William Morris Agency may scoop up lit shop

Helps plug gap left by departure of Gottlieb's stable

NEW YORK — The William Morris Agency is in advanced talks to acquire boutique lit agency the Writers Shop.

Both firms declined comment, but for William Morris, the merger would be a significant step toward plugging the huge gap left by the departure four months ago of lit department co-head Robert Gottlieb. Many of Gottlieb’s writers left WMA to join his new management firm, Trident Media Group, including Dean Koontz, Elizabeth George and Janet Evanovich.

Formerly known as the Virginia Barber Agency, the Writers Shop reps more than 100 writers, including bestsellers Peter Mayle, Kathy Reichs, Timothy Findley, Christina Schwarz and Anne Rivers Siddons.

Move also would strengthen the Gotham presence of an agency that recently has faced rumors that its days as a bicoastal operation were numbered.

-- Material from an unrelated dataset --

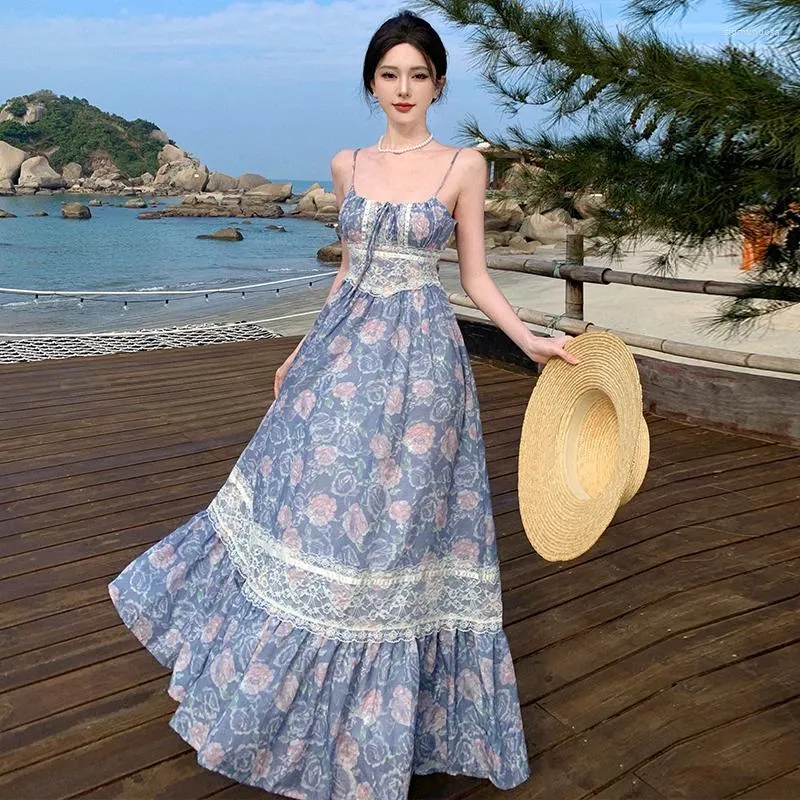 DHgate Casual Dresses Spaghetti Strap Lace Floral Print Beach Style French Chic Lace up Dress High Waist Vestidos 2024 Summer Drop Apparel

When co-CEO Jim Wiatt took over, he beheaded its costly London office and began cutting the number of New York-based talent agents and discharging older clients whose careers had slowed. (And with them, many of their agents: WMA fixtures like Frank Frattaroli, Johnnie Planco, Gene Parseghian and Carol Yumkas all ankled the shop.)

More change is expected: Gotham transplant WMA agent Michelle Stern is likely to move back to the West Coast office by spring; Gotham-based WMA talent agent Kenny Goodman has had similar conversations. The two rep such thesps as Ashley Judd, Mira Sorvino, Willem Dafoe, Lili Taylor, Jeanne Tripplehorn, Scott Wolf, Andrew Lauren, Dan Gauthier and newcomer Tyrese Gibson.

The Writers Shop is jointly run by Virginia Barber and Jennifer Rudolph Walsh. Over the years, Walsh has added a flashy and younger stable of authors, such as Ethan Hawke, Robert Sabbag and Reichs, to Barber’s long roster of distinguished authors.

WMA still has one of the premier lists in the business, but it’s not clear how easily its operations could be merged with those of the smaller firm.

Virtues of independence

Many Writers Shop clients have deals in Hollywood. But in an interview (Daily Variety, July 16), Walsh extolled the virtues of running an independent agency not wedded to a single Hollywood co-agent.

“I think of myself as a rogue agent,” she told Daily Variety at the time.

Walsh has negotiated numerous deals for her authors in other media. In the comparatively regimented corporate structure of a Hollywood agency like WMA, that might not be possible.

Also, like most independent lit agencies, Writers Shop takes a 15% commission on its book deals, while WMA takes just 10%.

Some publishing insiders have speculated that Virginia Barber, an eminence grise of the book world, might use the merger as an occasion to exit the company. No one can predict whether some of her clients, accustomed to the personal touch that has long been a hallmark of the Writers Shop, will jump ship if it merges with the behemoth WMA.

(Claude Brodesser in Los Angeles contributed to this report.)